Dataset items
----

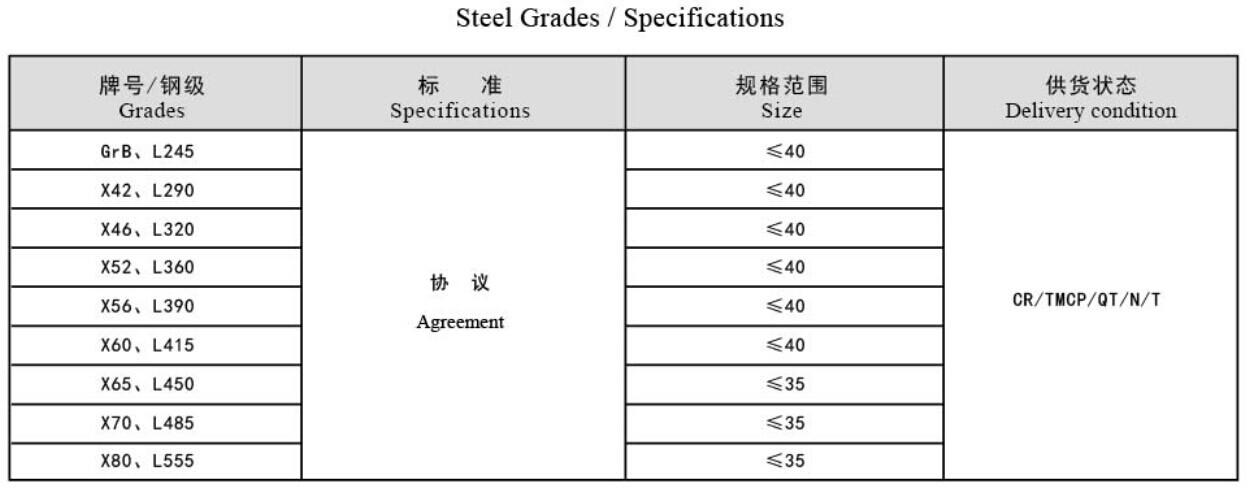 Pipeline-Steel-Picture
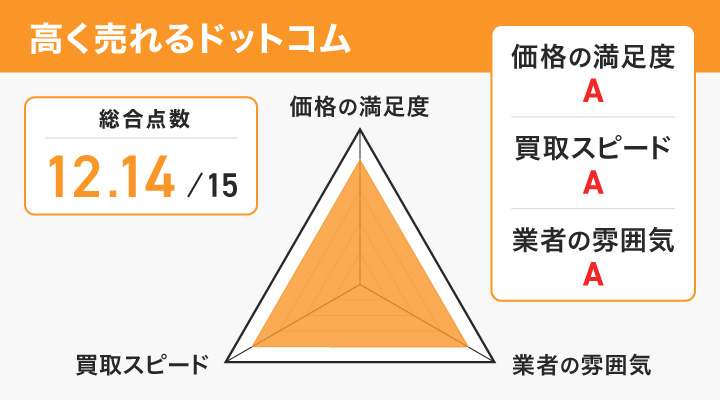 高く売れるドットコムのレーダーチャート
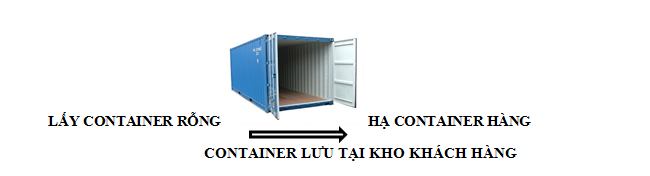 Detention Charge hàng xuất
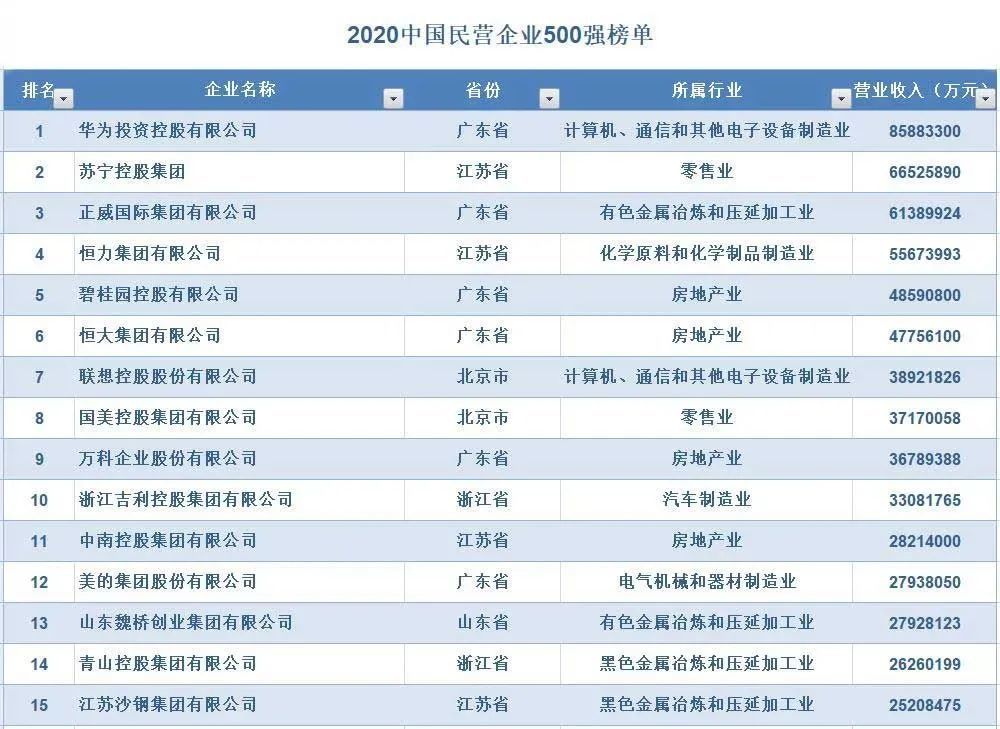 以下為2020中國民營企業500強榜單前100名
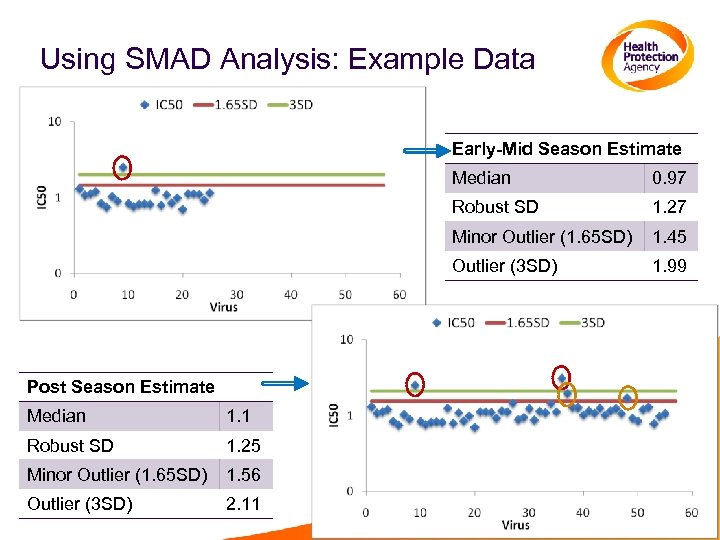 Using SMAD Analysis: Example Data Early-Mid Season Estimate Median Robust SD 1. 1 Robust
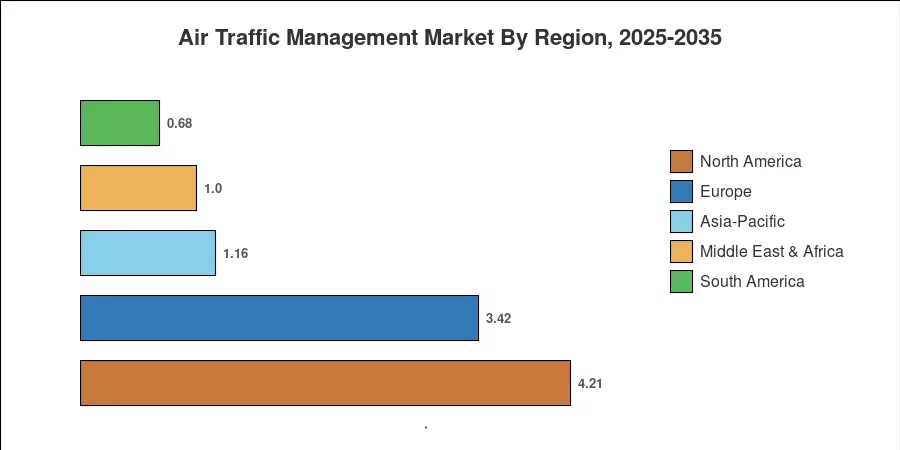 Regional Market Share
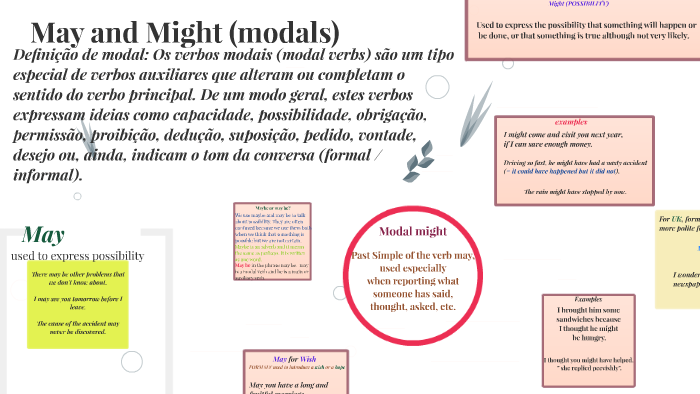 Likelihood Modals Using May May and Might (modals) by Wilson Junior on Prezi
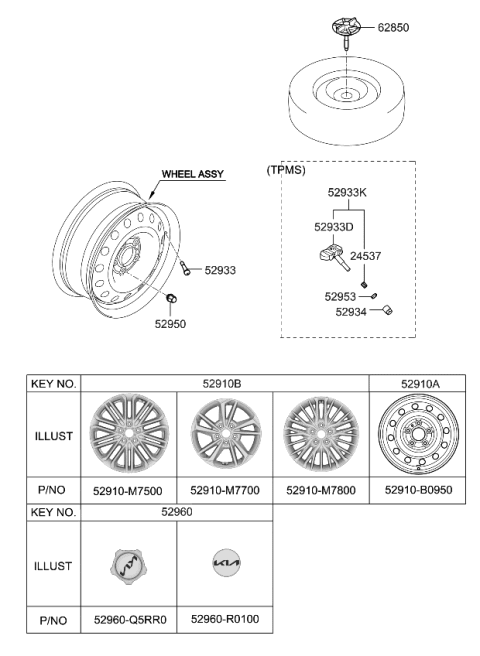 2022 Kia Forte Wheel & Cap Diagram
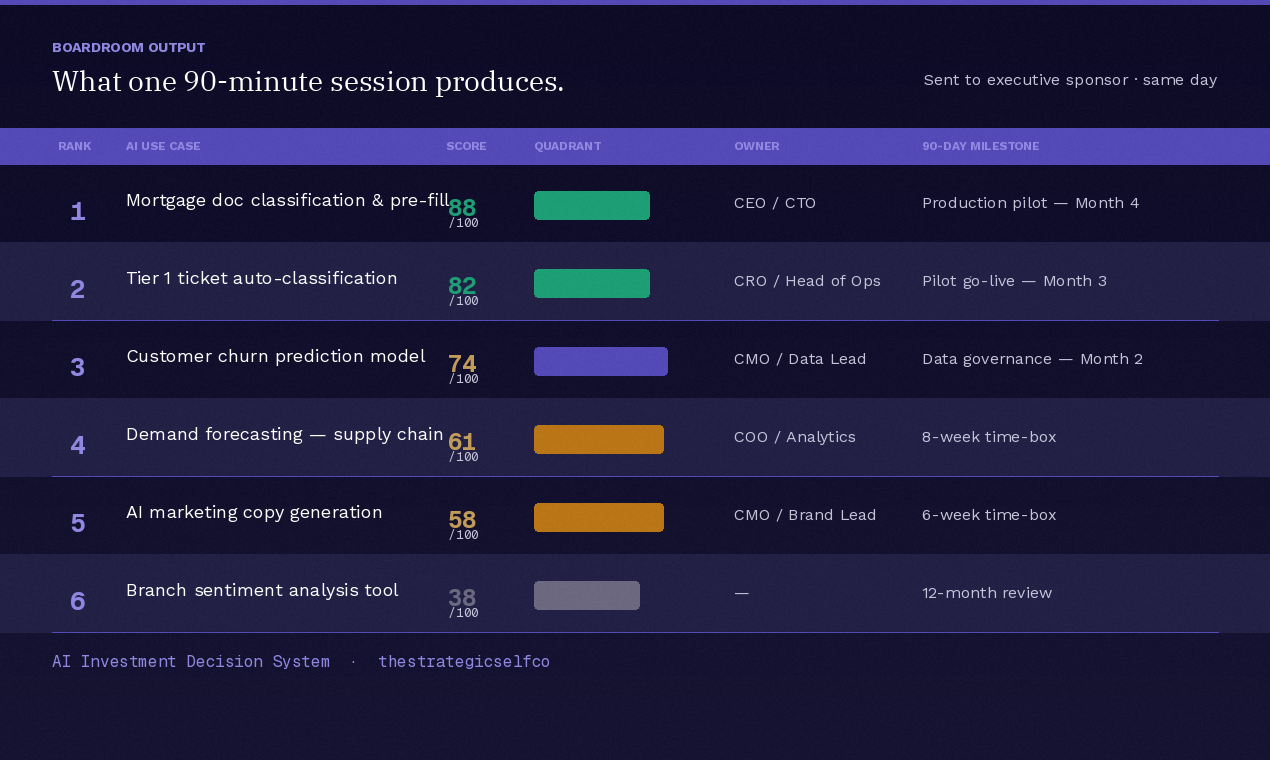 AI Investment Decision System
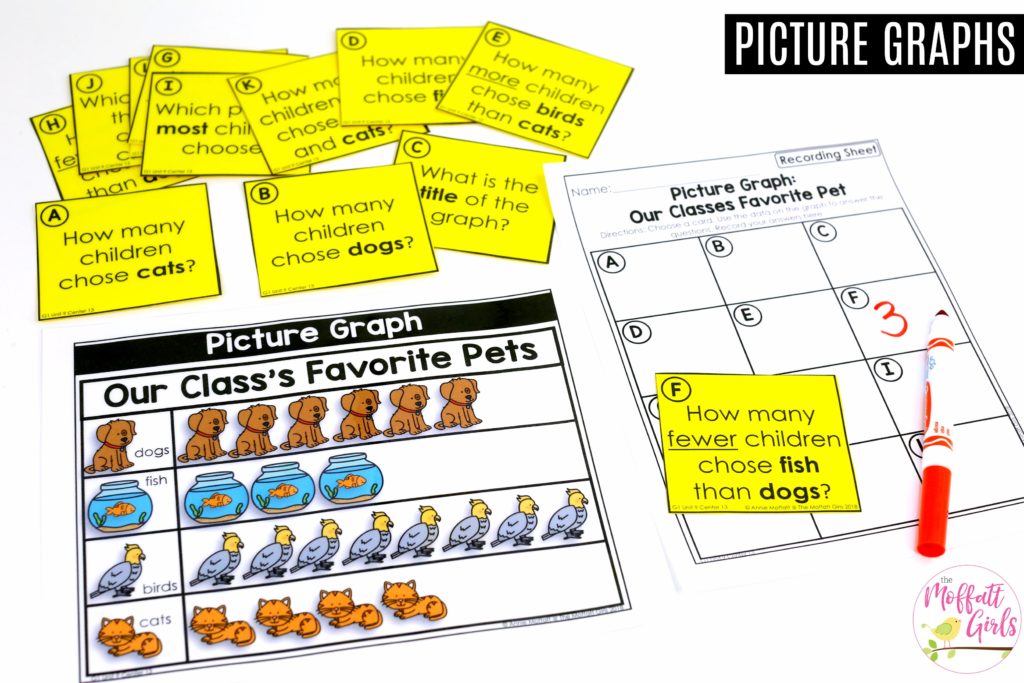 Picture graphs to teach basic data analysis in first grade Picture Graphs- Fun math games to teach graphs and simple data analysis in 1st Grade!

----

:: Aim of the task ::
Above are the records; please give again, exactly and in full, only the lines that run from the line with "高く売れるドットコムのレーダーチャート" through the line with "AI Investment Decision System", with no pictures.

:: Task result ::
 高く売れるドットコムのレーダーチャート
 Detention Charge hàng xuất
 以下為2020中國民營企業500強榜單前100名
 Using SMAD Analysis: Example Data Early-Mid Season Estimate Median Robust SD 1. 1 Robust
 Regional Market Share
 Likelihood Modals Using May May and Might (modals) by Wilson Junior on Prezi
 2022 Kia Forte Wheel & Cap Diagram
 AI Investment Decision System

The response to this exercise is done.